Member of the Puerto Rico House of Representatives from the 4th District
- In office January 2, 2013 – January 2, 2016
- Preceded by: Liza Fernández Rodríguez
- Succeeded by: Víctor Parés

Personal details
- Born: Mayagüez, Puerto Rico
- Party: Popular Democratic Party (PPD)
- Education: University of Puerto Rico (BA) Interamerican University of Puerto Rico School of Law (JD)

= José Luis Báez =

Puerto Rican politician

José Luis Báez is a Puerto Rican politician born in Mayagüez, PR and resident of San Juan, PR affiliated with the Popular Democratic Party (PPD).
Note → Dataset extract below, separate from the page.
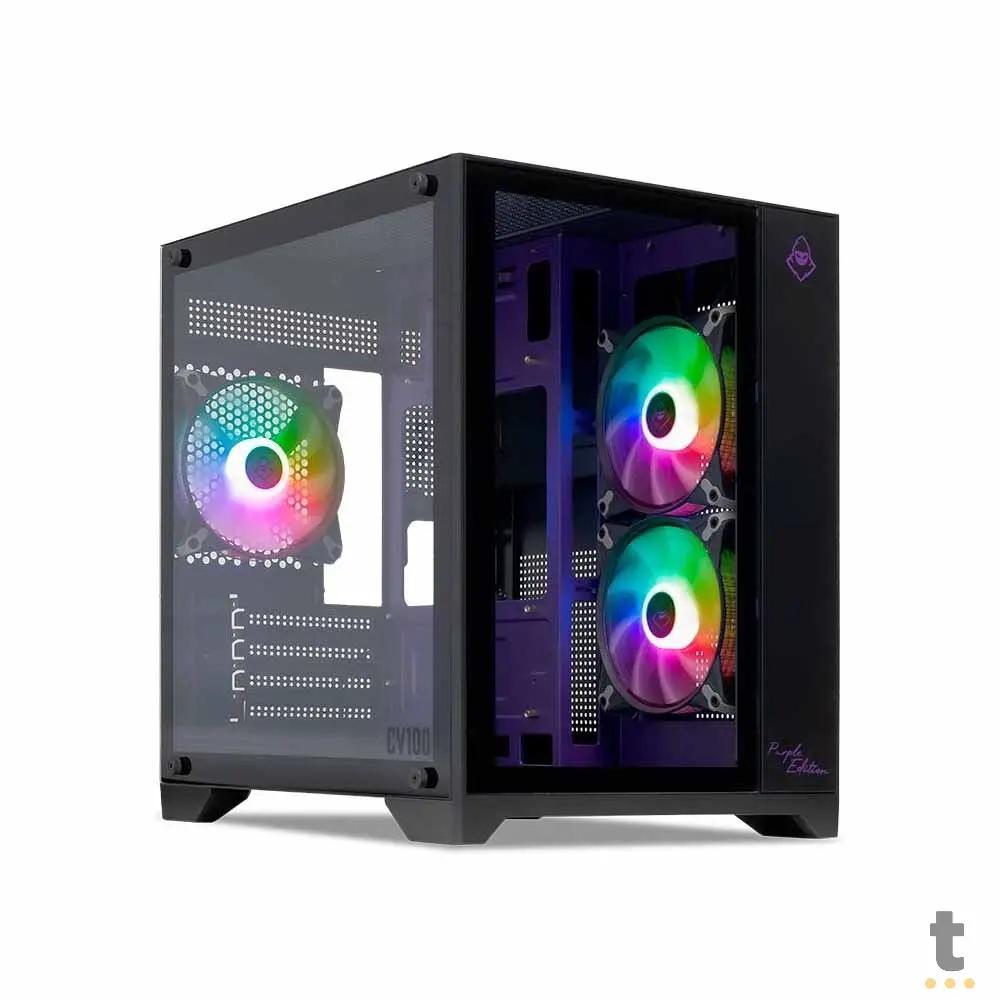 Computador Gamer Truedata Intel Core i3-12100f 3.3Ghz 16gb Ddr4 Ssd 480Gb Nvme RTX 2060 6Gb Fonte 550w Truedata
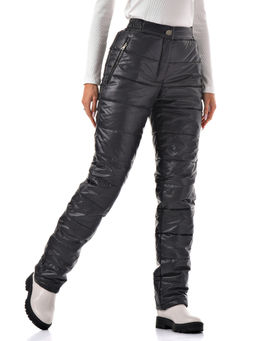 Утепленные зимние брюки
He was elected to the Puerto Rico House of Representatives on 2012 to represent District 4. Jose Luis Báez is the son of former senator Eudaldo Báez Galib.

==Education==
Earned a Bachelor of Arts from the University of Puerto Rico and a Juris Doctor from the Interamerican University of Puerto Rico School of Law.

==Political career==
In December 2015, Báez announced that he would not run for an elective position in the 2016 general elections. He attributed his retirement from active politics to the discontent with how the members of his party, the Popular Democratic Party (PPD), were handling differences between them.